The immediate past caretaker government promulgated the local government ordinances making it mandatory for elected local government officials to resign from posts of political parties before taking the oaths of office, in a bid to keep the system of local government out of partisan politics and all corollary problems, according to its claim.
The provision was incorporated in the ordinances regarding city corporations, upazila parishads, and municipalities.
Back then also the AL leadership opposed the provision calling it unconstitutional and saying the provision had been incorporated as part of the military backed unelected government’s design of depoliticising the entire society.
All ordinances promulgated by the unelected government must be ratified in the new parliament within 30 days of its first sitting.
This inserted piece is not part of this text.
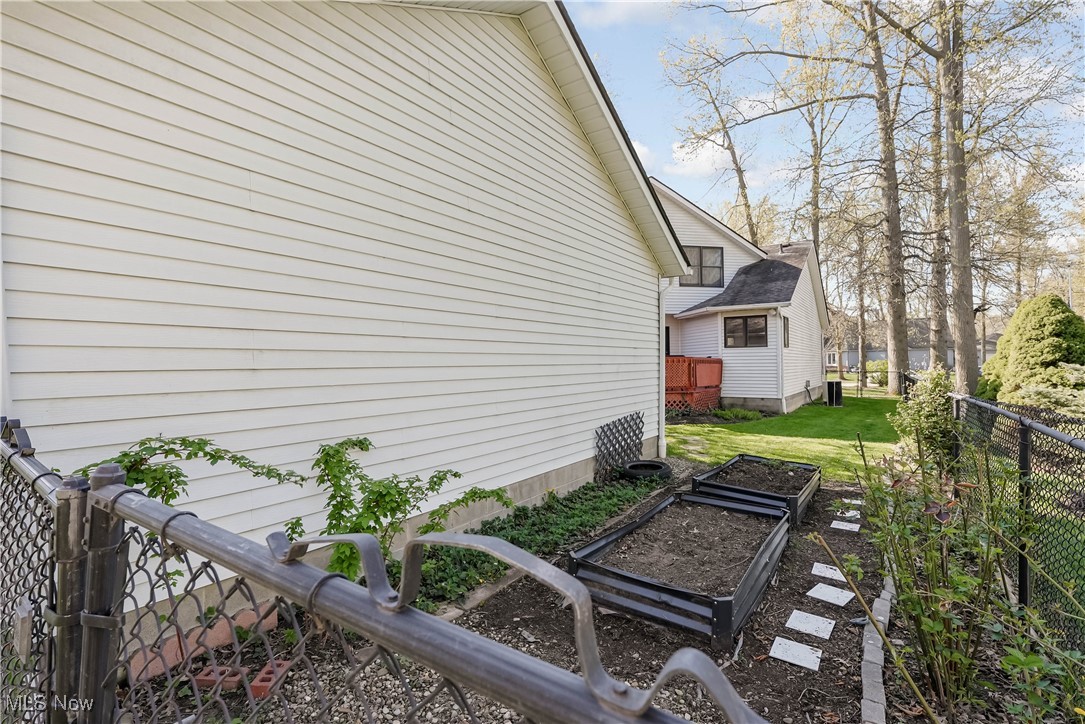 6730 N Palmerston Drive, Mentor, Ohio image 23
If the parliament does not ratify those, the ordinances will automatically become null and void after the 30th day.
Under the new local government ordinances, elections to four city corporations of Rajshahi, Khulna, Sylhet and Barisal, and to nine municipalities were held in August 2008, in which AL backed candidates got landslide victory.
Complying with the new ordinances the AL leaders elected to offices of the local governments, resigned from their party posts before their induction in offices, with a nod from their party leadership.
Although the elected local government representative of AL initiated steps to challenge the provision in the High Court back then, the party top brass refrained them from doing so with assurances that the party would take appropriate measures in time, the AL sources said.
According to the sources, although the AL leaders elected to the local governments resigned from their party posts in August last year, the party has yet to accept their resignations.
Contacted by The Daily Star yesterday over the phone, Sylher City Mayor Badar Uddin Ahmed Kamran, who resigned from a post in the Sylhet city unit of AL before taking his oath of office, said the party has yet to inform him about its decision regarding his resignation.
“We did resign, but we don’t know whether our resignations have been accepted,” Kamran said.
The upazila parishad ordinance also took away parliament members’ control over the parishads.
Now, the AL-led government wants to give some of that power back to the lawmakers in connection with development projects in upazilas, by amending the upazila parishad ordinance.
The last AL government in 1998 revived the system of upazila parishads with a provision allowing lawmakers to become advisers of the parishads in their constituencies, and the parishads were made to take suggestions of the lawmakers for carrying out local development activities.
The LGC at yesterday’s meeting with the LGRD minister argued that the new ordinance should be left untouched at least for a year. If any problem arises it can be amended then, the commission suggested.
The commission also argued that the lawmakers can still be involved in upazila parishads’ development activities by engaging themselves centrally in preparing a five-year national development plan, the meeting sources said.
Emerging from the meeting held in the office of the LGRD minister, Muhammad Faizur Razzak, chairman of the LGC, said the ordinances were promulgated to strengthen the system of local government.
Asked whether the local government system particularly the system of upazila parishads will be weakened if lawmakers are empowered to get involved in their functioning, the LGC chairman said, “We won’t want the local government institutions to become weak.”
“Decisions will be taken based on the reality,” he added.
After the meeting, LGRD Minister Syed Ashraful Islam said the lawmakers and upazila chairmen both should be able to contribute in local development works as both are elected representatives.